Assignment 4: CNN's & 5: behavioural data science Flashcards
When are FCNN better than CNNs?
CNNs are especially appropriate when there is some “structure” in the input data. Examples of such structured input data are images (spatial structure) or speech (temporal structure). Better for feature detection!! FCNN is better to process complex, particular data so every part will get fully analyzed (abstract data)
What is the difference between 2D images and 3D images in regards to these networks?
2D images are grayscale images and 3D images are color images (RGB images).
What is meant by convolution?
A key concept in CNNs. It refers to the multiplication and summing operation in FCNNs.
Convolution in CNNs involves multiplication & summing between the units’ activation and their corresponding weight. Like FCNNs, the output performed during convolution represents the elements of the next layer. Importantly, the shape of data is largely retained across layers in CNNs. So, if the input layer consists of rectangular images, the subsequent layers will also consist of rectangular grids of units. In FCNNs, each unit in the current layer has a weight for every unit in the next layer. For most modern convolutional neural networks this is not the case.
What is the notion of weight sharing in CNNs?
Convolution introduces “weight sharing”. Instead of having separate weights for each input unit (like in FCNN), it uses a small set of weights, often called a “kernel”, that is used across the entire input! Usually, these kernels are small 2D rectangular grids of values. The “nine” values of the kernel represent that kernel’s weights. One way to interpret kernels is as “feature detectors”.
Importantly, in case of multiple channels (such as with color images in the input layer), there is a separate kernel for each channel.
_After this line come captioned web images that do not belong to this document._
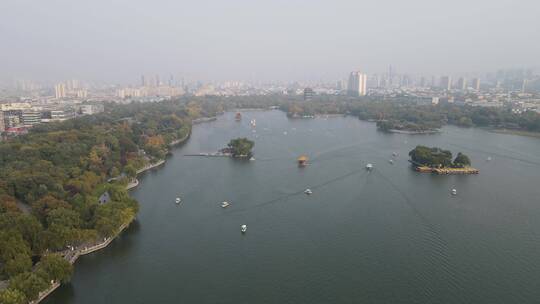 航拍济南大明湖5A景区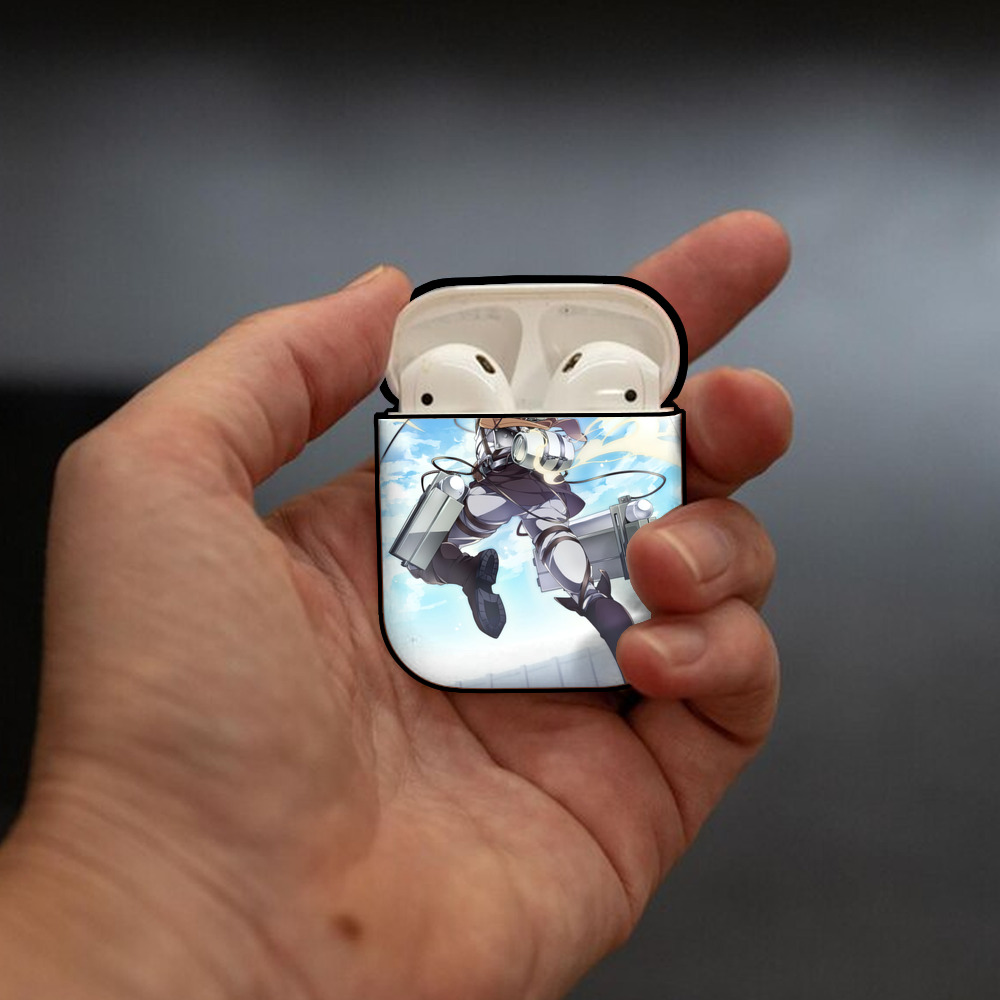 進撃の巨人 Attack on Titan AirPods 第2世代保護ケース ハードシェル ブラック 耐衝撃・防指紋・カラビナ付き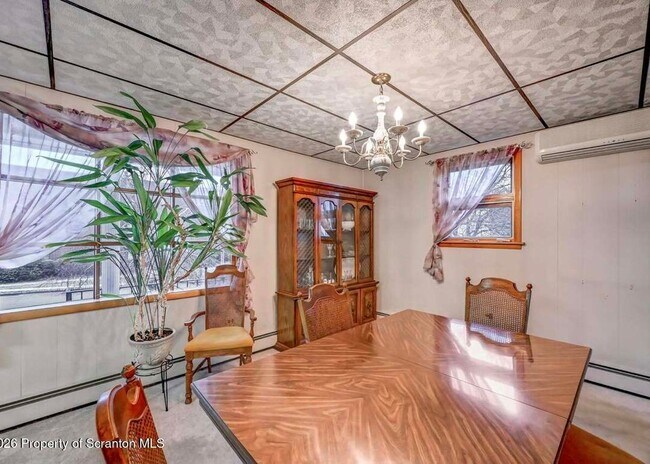 Foto del edificio - 1409 E Elm St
So, for color images in the input layer, you need three different 2D kernels.
What is meant by the dot product?
At every location in the layer, each element of the kernel is multiplied with the corresponding element in the layer which are subsequently summed (i.e., the dot product = summing and multiplication). In other words, the dot product is repeated for every location in the layer, which represents the essence of convolution. Each time the dot product is performed, its output (i.e., a single value) is stored. In the interpretation of kernels as feature detectors, you can think of this sliding dot product as the process in which the feature detection process is repeated at all locations in the layer!
How many times is this conmvolution operation repeated?
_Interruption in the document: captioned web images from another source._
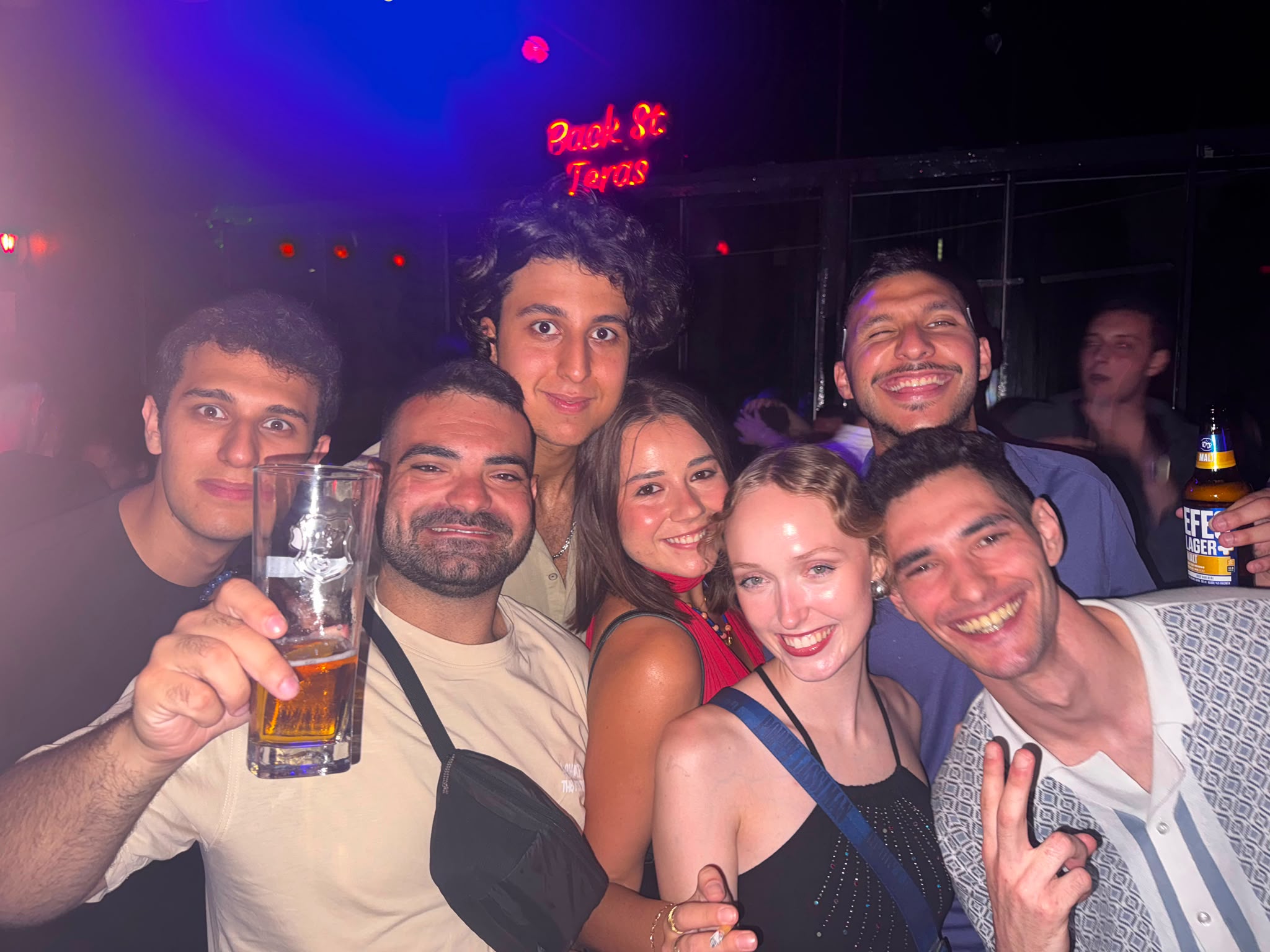 Pub Crawler Istanbul Moment 18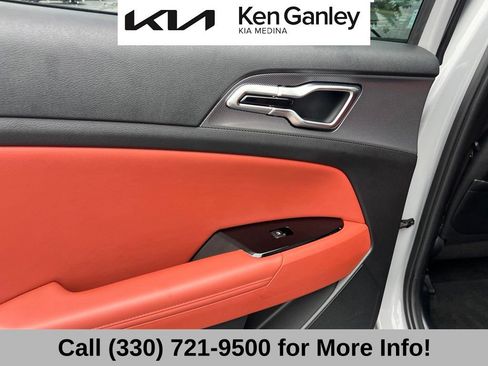 Certified 2023 Kia Sportage SX AWD/4WD image 43
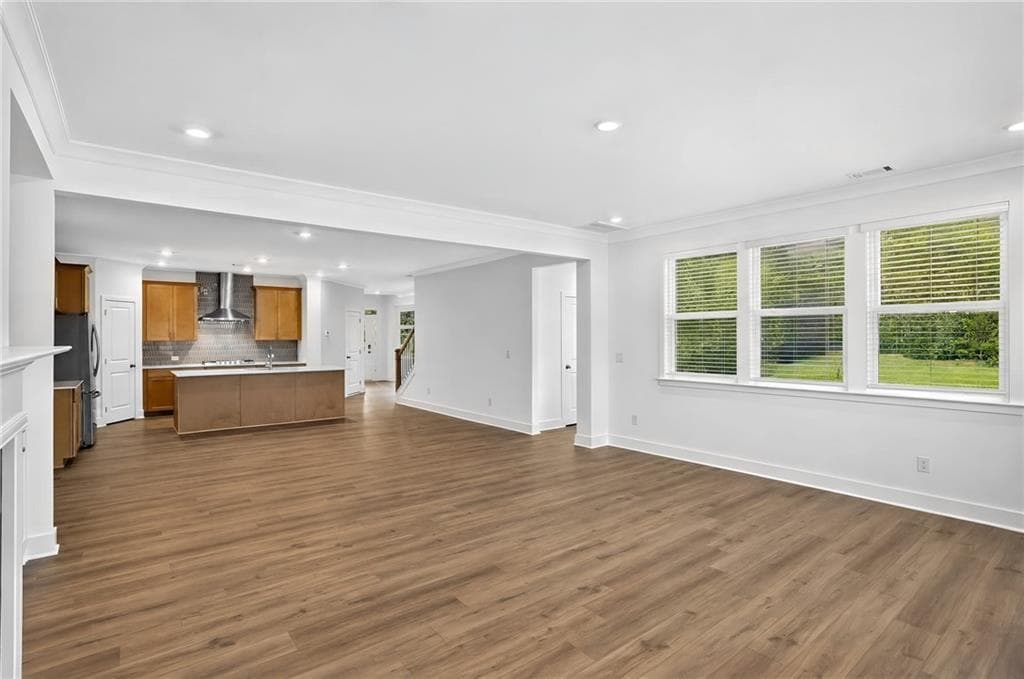 5 bedroom, 5 bathroom, 3,385 sq ft single family residence for sale at 4540 Manning Drive, Cumming, GA 30028 — photo 7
This convolution operation is repeated for each kernel and its corresponding channel. For example, in the first convolutional layer, convolution is performed three times (with three different kernels): once for each color channel in the input layer. This results in three intermediate maps, which are subsequently summed together elementwise (to which finally the bias term is added) to produce the next layer of units! The resulting 2D map from this process is sometimes called an “activation map” or “feature map”.
What is a filter bank and why are they useful?
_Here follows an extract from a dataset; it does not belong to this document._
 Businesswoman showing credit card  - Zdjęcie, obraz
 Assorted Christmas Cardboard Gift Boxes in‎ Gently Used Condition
convolutional layers in CNNs often contain multiple 3D filters! A set of 3D filters is sometimes called a “filter bank”. By including multiple 3D filters, the network may extract different features from the previous layer to be processed and combined in the following layers. As each 3D filter results in only a single 2D activation map, in case multiple 3D filters are used, the 2D output of each 3D filter is stacked such that the resulting layer becomes not a 2D activation map, but a 3D activation tensor! In other words, each 3D filter used creates a new channel in the next layer! For example, if the first convolutional layer in a network uses six 3D filters, the resulting layer will have six channels (i.e., it will be a tensor with dimensions: width x height x 6). The use of “channel” here is the same as the three channels in the input layer when dealing with color images. Technically, “channel” is just used to refer to the third dimension of tensors in the context of CNNs.
What is a 3D filter?
The stack of 2D kernels for a multi-channel image is often referred to as a (3D) “filter”.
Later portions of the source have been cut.